By David Singer 4 min read

In an ideal society, everyone would understand and appreciate all religions as various expressions of eternally escaping truths beyond human comprehension. Religions came about as a way to explain our morals, our existence and why the two former things matter so much to us. They’re all in the business of understanding our quest for peaceful co-existence in spite of our human nature to destroy each other because we know each other too well. And yet, we don’t know each other and our religions at all.

On Feb. 28, local religious leaders gathered at the Ahmadiyaa Muslim Mosque in Wilkinsburg to educate the public on their respective faiths’ origins in hopes of educating the public on their shared belief that God is peaceful and good.

Sanjay Mehta, of the Hindu Jain Temple in Monroeville, stated that there is no singular founder of the Hindu-Jain faiths, so a big moral emphasis is a lack of arrogance.

“The entire universe is an expansion of God. And we are manifestations of God,” he said, “and we are all potentially divine. It is a matter of understanding and unveiling the divine; moving toward it through prayer, through (meditative) yoga, and through self-examination.”

Self-examination is not what ISIS and other political hijackers of Islam are doing, according to Fahmeed Rahman, one of the Muslim organizers of the Religious Founder’s Day event.
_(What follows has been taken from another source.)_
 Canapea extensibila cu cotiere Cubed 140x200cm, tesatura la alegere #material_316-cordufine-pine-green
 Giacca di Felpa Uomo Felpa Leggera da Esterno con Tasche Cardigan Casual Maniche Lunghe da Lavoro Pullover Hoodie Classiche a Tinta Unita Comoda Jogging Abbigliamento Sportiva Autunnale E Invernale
“Jihad doesn’t ‘practically’ exist anymore, at least not how the general public understands it,” he said of the faith’s tenet meaning personal struggle. “What terrorists do with Jihad, they never get past personal reflection and change, which is the first and most important part of Jihad: to struggle with the understanding of yourself and your faith.”

He said ISIS and other Islamic extremists use the word Jihad in a lazy, uneducated or otherwise generic way, so that the word itself becomes a terroristic propaganda tool; a way to justify their interpretation of faith as motivation for violent zealotry. Their actions are historically ignorant expressions of faith. As a Jew or Christian would no longer stone an adulterer or kill those wearing mixed types of clothing, no longer should religious literalists use violent passages in the Quran, Bible or Torah as legitimate instruction on how to carry oneself in the faith.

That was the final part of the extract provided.